[vtkusers] Perspective view of vtkCursor3D

Granseier, Michael (VISUS) granseier at visus.com
Tue Sep 14 06:33:29 EDT 2010


Hi Karthik,

thank you very much for your answer.
Using your suggested widget is much easier than using the vtkCursor3D.
It works fine in my application.

Thanks again and best regards,
Michael


..........................................................
Von: Karthik Krishnan [mailto:karthik.krishnan at kitware.com]
Gesendet: Dienstag, 14. September 2010 11:31
An: Granseier, Michael (VISUS)
Cc: vtkusers at vtk.org
Betreff: Re: [vtkusers] Perspective view of vtkCursor3D


On Mon, Sep 13, 2010 at 8:05 PM, Granseier, Michael (VISUS) <granseier at visus.com<mailto:granseier at visus.com>> wrote:
Dear VTK Users,

I'm trying to mark a three-dimensional point in a volume using the vtkCursor3D class.
My problem is, that the length of the crosshairs' lines stay constant, even if the position of the point is farther away from the camera.
I'm using SetModelBounds to specify the length.

The same problem occurs with a vtkSphereSource. The radius of the source stays the same, no matter how far away it is from the camera.

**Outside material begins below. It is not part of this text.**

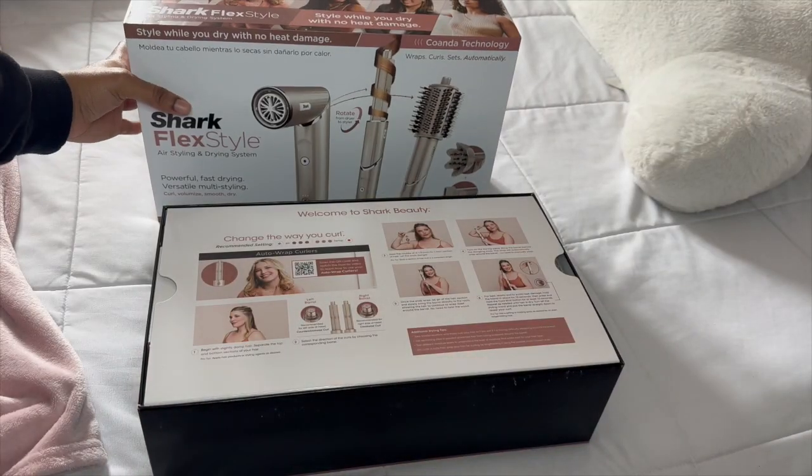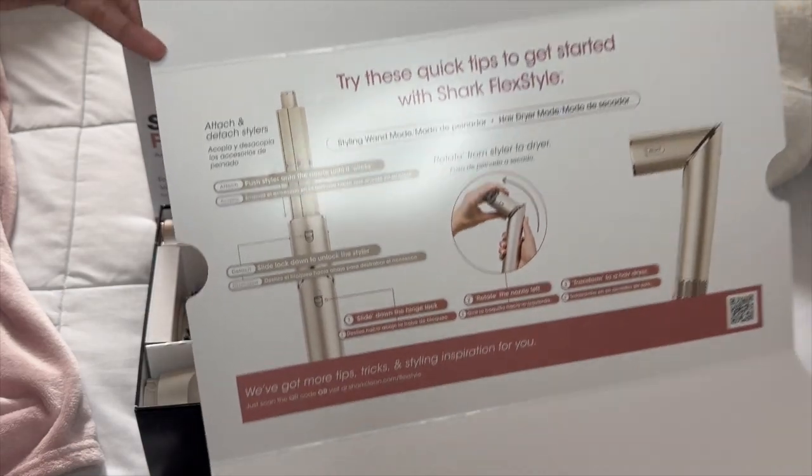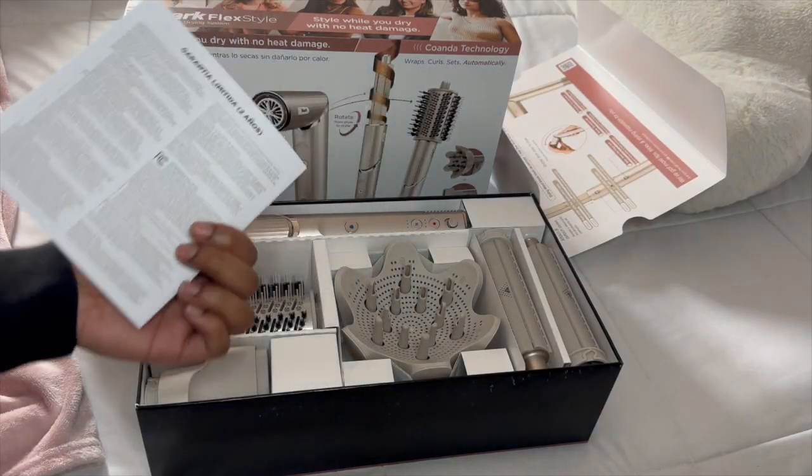Let's review this. So when you first open the box, you get a little pamphlet — the first half talks about how to use it, and the back shows you how to twist it and stuff. You also get a little styling guide to further show you how to use it. And then there's another instruction guide just in case you need to troubleshoot it.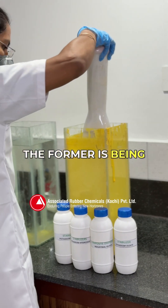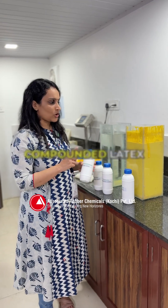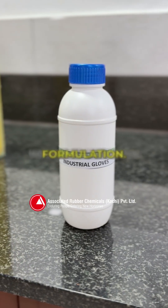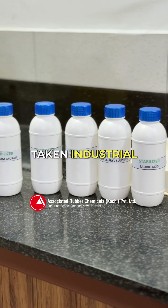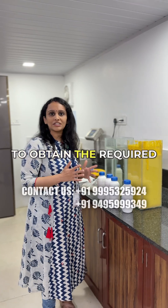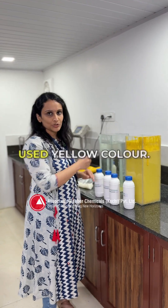Next the former is being dipped into the compounded latex. Here we have prepared the compounded latex using a latex composite dispersion which is our own formulation, and we have taken industrial gloves formulation with stabilizers as well. To obtain the required color, add the pigments accordingly — here we have used yellow color.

Is it possible to scale the crosshairs' lines or the sphere radius relative to the camera distance?
So, that the marker-object becomes smaller, the further the specified point is away from the camera and larger, the closer it is?

I presume you mean "becomes larger the further ..."

3D props maintain a fixed physical (world) size, unlike 2D props which maintain a fixed display size.

I'd recommend using the vtkHandleWidget, in conjunction with a vtkPointHandleRepresentation3D. This representation contains a vtkCursor3D and scales it dynamically based on the camera distance, so that it appears to maintain the same normalized display size.

Use the widget with event processing disabled (SetProcessEventsOff()) and its pretty much what you need. Take a look at its tests in VTK for usage.

-------

Alternatively, to dynamically on your own prop you could write a prop that derives from vtkProp3D and internally contains a vtkCursor3D along with its associated polydatamapper and actor. Then override the method RenderOpaqueGeometry to set your own actor scale.... something to the effect of...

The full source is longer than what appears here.